**EXERCISE PROMPT:** Once you find the line containing "Used 2020 Chevrolet Equinox LT FWD image 23" in the data below, copy it and each following line exactly, up to and including the line containing "2024 Lincoln Navigator", and nothing else.

[Short text fragments from websites]
+===+

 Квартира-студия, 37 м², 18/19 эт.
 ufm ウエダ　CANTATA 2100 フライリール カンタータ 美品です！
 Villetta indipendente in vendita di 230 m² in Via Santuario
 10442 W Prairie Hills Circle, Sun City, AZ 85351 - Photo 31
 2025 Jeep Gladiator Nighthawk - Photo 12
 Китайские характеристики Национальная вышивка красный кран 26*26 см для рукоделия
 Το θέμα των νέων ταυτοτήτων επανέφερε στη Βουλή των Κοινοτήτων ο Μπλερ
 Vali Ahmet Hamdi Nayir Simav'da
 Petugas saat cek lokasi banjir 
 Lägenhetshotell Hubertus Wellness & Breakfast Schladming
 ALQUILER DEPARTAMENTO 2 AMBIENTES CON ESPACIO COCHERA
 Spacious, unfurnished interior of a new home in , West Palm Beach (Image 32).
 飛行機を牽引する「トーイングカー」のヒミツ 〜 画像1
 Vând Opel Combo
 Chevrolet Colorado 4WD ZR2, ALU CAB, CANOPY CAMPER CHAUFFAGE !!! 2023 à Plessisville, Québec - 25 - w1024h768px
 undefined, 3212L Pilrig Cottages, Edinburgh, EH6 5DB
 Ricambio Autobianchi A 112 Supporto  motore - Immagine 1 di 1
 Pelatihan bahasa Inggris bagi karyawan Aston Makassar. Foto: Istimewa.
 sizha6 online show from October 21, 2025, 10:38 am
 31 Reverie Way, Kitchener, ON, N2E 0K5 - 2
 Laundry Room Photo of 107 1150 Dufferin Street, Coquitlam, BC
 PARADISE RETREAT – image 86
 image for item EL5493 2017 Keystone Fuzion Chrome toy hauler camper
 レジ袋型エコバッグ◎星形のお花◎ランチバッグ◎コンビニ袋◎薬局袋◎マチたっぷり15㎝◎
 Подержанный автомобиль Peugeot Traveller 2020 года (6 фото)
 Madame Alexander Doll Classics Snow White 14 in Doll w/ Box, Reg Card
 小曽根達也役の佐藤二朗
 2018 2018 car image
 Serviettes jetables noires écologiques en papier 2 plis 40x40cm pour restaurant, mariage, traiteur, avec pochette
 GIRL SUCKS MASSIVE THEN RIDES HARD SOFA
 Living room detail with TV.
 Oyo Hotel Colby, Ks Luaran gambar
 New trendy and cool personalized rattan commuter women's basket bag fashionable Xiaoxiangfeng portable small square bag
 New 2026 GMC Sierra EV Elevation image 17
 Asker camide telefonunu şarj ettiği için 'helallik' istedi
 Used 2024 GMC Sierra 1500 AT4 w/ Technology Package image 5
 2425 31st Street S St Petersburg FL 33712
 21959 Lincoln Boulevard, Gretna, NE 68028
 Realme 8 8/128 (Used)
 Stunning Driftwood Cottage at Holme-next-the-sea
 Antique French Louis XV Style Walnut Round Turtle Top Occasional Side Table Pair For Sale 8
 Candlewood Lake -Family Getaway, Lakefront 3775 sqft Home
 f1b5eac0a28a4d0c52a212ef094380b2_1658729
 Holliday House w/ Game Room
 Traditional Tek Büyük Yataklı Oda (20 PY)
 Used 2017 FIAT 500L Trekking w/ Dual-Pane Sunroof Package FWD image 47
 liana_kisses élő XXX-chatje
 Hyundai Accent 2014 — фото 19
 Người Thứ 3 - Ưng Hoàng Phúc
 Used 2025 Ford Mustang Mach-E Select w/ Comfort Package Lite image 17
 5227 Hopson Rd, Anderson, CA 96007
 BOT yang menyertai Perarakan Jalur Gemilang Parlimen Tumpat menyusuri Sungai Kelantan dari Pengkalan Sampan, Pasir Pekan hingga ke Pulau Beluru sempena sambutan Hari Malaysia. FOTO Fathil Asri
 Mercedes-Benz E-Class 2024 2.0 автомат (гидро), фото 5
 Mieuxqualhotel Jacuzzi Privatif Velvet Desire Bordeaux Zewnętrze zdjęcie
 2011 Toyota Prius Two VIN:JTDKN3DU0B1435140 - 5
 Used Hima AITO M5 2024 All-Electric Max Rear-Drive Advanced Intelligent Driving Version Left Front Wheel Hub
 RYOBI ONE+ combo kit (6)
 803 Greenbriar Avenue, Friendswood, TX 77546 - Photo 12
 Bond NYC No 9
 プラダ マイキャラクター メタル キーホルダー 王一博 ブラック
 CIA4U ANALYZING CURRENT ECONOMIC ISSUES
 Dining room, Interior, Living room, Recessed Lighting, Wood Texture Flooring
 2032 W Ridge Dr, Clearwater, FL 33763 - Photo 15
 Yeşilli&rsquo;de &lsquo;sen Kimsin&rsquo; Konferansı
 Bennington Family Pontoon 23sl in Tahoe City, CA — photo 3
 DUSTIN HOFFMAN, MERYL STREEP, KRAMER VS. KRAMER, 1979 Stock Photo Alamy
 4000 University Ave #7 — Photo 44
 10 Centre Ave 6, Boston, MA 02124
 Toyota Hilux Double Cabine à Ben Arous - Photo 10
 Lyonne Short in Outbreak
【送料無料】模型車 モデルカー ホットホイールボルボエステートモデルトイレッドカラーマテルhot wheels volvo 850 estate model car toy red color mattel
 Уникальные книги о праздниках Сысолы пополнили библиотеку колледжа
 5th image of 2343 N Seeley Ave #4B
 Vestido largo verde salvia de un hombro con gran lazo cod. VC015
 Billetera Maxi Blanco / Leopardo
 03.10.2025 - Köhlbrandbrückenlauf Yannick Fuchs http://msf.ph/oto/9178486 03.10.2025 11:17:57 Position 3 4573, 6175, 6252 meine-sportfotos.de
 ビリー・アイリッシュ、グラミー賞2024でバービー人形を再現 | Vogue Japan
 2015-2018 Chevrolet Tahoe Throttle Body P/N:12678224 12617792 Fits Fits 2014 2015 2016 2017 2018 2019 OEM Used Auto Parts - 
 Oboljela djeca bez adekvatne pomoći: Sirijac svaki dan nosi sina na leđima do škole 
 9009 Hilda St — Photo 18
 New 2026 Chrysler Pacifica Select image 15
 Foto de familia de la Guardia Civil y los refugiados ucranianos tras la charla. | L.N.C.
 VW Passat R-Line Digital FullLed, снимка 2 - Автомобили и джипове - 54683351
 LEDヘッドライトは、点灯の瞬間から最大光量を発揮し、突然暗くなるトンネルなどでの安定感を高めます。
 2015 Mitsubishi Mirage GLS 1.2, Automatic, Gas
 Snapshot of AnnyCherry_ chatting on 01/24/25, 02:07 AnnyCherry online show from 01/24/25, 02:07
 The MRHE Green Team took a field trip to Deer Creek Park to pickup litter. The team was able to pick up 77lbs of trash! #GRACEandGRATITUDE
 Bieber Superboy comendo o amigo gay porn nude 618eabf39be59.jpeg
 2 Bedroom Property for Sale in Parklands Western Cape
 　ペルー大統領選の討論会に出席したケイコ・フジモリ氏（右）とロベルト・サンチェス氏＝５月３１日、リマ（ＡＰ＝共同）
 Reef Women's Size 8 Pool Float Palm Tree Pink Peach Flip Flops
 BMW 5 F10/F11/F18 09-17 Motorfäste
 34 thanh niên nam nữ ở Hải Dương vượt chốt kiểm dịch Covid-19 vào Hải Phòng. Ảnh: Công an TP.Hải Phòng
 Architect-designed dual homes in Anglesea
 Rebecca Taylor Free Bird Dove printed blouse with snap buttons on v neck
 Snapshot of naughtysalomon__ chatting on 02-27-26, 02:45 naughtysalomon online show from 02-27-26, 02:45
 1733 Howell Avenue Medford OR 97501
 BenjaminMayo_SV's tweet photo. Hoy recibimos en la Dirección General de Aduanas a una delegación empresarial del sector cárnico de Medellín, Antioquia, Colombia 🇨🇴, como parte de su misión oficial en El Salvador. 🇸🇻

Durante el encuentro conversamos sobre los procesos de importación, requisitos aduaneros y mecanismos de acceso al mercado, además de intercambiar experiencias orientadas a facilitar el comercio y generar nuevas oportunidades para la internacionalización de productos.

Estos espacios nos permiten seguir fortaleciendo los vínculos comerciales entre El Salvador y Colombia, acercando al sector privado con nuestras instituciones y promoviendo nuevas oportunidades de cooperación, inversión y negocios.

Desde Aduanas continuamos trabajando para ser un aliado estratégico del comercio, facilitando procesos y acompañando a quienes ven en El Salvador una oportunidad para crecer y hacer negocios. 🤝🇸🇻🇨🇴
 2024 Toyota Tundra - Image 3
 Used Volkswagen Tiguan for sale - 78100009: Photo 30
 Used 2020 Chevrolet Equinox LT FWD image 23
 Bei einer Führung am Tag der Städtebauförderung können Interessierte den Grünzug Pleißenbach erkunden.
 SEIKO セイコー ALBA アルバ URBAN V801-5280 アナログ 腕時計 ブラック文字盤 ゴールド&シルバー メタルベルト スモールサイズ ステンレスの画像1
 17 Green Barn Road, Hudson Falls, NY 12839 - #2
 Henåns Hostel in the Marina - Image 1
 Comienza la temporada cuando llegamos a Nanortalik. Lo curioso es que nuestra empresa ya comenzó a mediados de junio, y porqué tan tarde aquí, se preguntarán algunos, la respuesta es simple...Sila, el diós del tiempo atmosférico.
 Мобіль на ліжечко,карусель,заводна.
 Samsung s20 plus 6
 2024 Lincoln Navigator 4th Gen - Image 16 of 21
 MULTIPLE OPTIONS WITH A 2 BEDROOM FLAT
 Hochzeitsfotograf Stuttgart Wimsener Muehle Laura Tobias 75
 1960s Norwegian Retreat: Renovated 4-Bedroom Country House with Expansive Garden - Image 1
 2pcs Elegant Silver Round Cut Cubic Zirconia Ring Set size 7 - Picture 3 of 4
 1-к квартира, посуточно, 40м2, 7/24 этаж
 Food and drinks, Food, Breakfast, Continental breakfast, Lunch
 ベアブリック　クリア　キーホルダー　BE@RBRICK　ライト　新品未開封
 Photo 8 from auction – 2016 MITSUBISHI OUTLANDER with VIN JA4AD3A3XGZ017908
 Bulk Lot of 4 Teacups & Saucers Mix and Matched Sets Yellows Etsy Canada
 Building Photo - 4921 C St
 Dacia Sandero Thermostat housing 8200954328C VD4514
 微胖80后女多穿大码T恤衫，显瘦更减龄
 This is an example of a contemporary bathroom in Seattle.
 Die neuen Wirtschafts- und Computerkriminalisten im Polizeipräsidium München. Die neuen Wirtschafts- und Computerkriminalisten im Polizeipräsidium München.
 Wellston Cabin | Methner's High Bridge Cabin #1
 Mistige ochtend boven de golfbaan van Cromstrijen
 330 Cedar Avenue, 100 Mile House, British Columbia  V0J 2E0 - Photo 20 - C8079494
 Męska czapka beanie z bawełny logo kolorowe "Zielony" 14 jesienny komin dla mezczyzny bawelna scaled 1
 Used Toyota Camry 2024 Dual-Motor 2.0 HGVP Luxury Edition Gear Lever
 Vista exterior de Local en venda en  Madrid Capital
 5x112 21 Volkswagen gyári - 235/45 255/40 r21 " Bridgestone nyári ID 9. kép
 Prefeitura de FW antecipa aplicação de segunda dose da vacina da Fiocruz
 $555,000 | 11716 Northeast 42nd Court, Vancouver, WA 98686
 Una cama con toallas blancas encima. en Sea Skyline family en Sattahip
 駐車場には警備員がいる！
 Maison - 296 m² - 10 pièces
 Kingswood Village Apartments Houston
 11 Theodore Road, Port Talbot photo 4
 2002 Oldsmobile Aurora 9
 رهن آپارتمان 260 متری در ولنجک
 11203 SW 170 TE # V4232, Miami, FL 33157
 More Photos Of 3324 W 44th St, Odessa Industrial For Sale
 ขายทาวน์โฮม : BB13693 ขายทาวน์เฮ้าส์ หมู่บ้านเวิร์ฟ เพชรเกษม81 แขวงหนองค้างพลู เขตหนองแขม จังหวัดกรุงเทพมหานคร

+===+

**ANSWER SPACE:**
 Used 2020 Chevrolet Equinox LT FWD image 23
 Bei einer Führung am Tag der Städtebauförderung können Interessierte den Grünzug Pleißenbach erkunden.
 SEIKO セイコー ALBA アルバ URBAN V801-5280 アナログ 腕時計 ブラック文字盤 ゴールド&シルバー メタルベルト スモールサイズ ステンレスの画像1
 17 Green Barn Road, Hudson Falls, NY 12839 - #2
 Henåns Hostel in the Marina - Image 1
 Comienza la temporada cuando llegamos a Nanortalik. Lo curioso es que nuestra empresa ya comenzó a mediados de junio, y porqué tan tarde aquí, se preguntarán algunos, la respuesta es simple...Sila, el diós del tiempo atmosférico.
 Мобіль на ліжечко,карусель,заводна.
 Samsung s20 plus 6
 2024 Lincoln Navigator 4th Gen - Image 16 of 21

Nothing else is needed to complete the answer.